Teachers union head says teachers have made gains, and concessions.

September 18, 2012


The Chicago Teachers Union House of Delegates meets Tuesday afternoon to vote on whether to end the teachers strike, now in its seventh day.

Teachers have been scrutinizing the 180 pages of a new contract, under increasing pressure from parents and city leaders to return to the classroom.  More than 350,000 students have been out of school since last Monday. 

In a phone call with WBEZ's Morning Shift, CTU president Karen Lewis shared some of her thoughts on how delegate discussions are progressing.

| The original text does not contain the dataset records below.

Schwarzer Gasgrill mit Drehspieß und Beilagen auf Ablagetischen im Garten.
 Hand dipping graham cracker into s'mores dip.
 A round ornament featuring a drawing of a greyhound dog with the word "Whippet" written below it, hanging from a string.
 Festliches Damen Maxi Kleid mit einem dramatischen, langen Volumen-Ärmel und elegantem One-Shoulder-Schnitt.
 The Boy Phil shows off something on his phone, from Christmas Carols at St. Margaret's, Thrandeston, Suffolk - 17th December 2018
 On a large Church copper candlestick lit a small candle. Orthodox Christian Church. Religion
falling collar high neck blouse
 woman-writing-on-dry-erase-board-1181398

Lewis addressed criticisms that, as the union’s leader, it is her responsibility to get teachers back to work as soon as possible. Calling the CTU a “member-driven union,” Lewis said, "We do take democracy seriously, and I know that’s frustrating for people, but in the end, it’s ultimately a better way to govern a union, because then it’s not top-down leadership."

"I think that we have encouraged healthy debate and we have encouraged analysis," Lewis said. "It was something that was never encouraged by union leadership before and I think people misinterpret that. It’s unusual and it’s a better way to move the union."

Lewis also said she believes teachers have made some gains, but she recognizes that in tough times concessions have to be made.

"This is an austerity contract. This is not a contract of we can get all that we want."

The strike has also been a drag on Mayor Rahm Emanuel's agenda and image. On Sunday, he said the city would seek legal means to force the teachers back into the classroom by asking for an injunction. 

On Monday, a Cook County judge delayed a hearing request for a temporary restraining order until Wednesday, giving the teachers union enough time to vote for the contract on Tuesday.

When asked about the injunction, Lewis said "if anything" the injunction hearing scheduled for Wednesday "will push people in the opposite direction." and that the "imposition of will from the mayor will have a deleterious effect."